Je crois que le message est surtout de rappeler aux Français déjà qu'on a une énorme dépendance à l'égard de cette industrie. Je rappelle que ça représente 200 000 emplois directs en France, en plus de toutes les populations et les communautés qui en dépendent. Le second message, c'est de rappeler à un certain nombre d'alliés de la France que ce genre de double discours peut être embêtant et que la France n'est pas le seul pays à profiter de ce marché-là.
L'Allemagne joue-t-elle un double jeu en annonçant arrêter de vendre des armes à l'Arabie saoudite ?
L'Allemagne est dans une position politique qui est de dire : "Nous on est prêts à s'engager à cesser nos livraisons". On peut lui reprocher un double jeu, car les Allemands bénéficient de marchés majeurs sur lesquels ils ne sont pas les premiers acteurs. On pense à la vente de l'avion Eurofighter, ce sont les Britanniques qui gèrent le marché. Les Allemands sont impliqués dans le projet Eurofighter donc impliqués qu'indirectement et ne peuvent pas bloquer la vente de ce type de matériel.
L'Allemagne prend-elle un risque moindre, finalement ?
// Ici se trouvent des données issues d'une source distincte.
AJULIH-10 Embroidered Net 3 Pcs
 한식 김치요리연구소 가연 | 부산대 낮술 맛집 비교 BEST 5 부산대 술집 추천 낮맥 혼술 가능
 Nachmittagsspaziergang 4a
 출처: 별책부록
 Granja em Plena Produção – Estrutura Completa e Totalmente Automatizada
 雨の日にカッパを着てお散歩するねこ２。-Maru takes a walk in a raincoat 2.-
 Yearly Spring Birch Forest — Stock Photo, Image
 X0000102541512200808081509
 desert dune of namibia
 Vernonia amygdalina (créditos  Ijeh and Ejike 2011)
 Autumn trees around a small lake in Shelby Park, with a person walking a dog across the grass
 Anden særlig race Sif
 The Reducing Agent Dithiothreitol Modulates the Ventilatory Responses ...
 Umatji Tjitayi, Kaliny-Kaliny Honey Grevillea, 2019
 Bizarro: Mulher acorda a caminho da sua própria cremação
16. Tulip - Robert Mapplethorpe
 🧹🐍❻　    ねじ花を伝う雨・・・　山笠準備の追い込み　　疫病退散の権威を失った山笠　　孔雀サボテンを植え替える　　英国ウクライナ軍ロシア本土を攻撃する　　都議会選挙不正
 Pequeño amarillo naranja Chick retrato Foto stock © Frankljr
Oui. Il y a déjà eu le cas il y a quelques années avec la Suède qui a dit : "Nous on fait un geste fort, on arrête de vendre". Mais leur marché en Arabie saoudite, c'était quelques dizaines de millions d'euros, on est loin des milliards signés par la France, et c'est là que c'est intéressant. Est-ce que l'Arabie saoudite est dépendante de la France parce qu'une partie de sa défense lui est fournie par Paris ? Ou est-ce que la France est dépendante de l'Arabie saoudite parce que dans son modèle économique elle ne peut pas se passer d'un client aussi majeur ? On ne sait pas trop qui est le plus dépendant de l'autre. Ce qui est sûr c'est qu'aujourd'hui on serait bien en mal de renoncer à un client aussi important.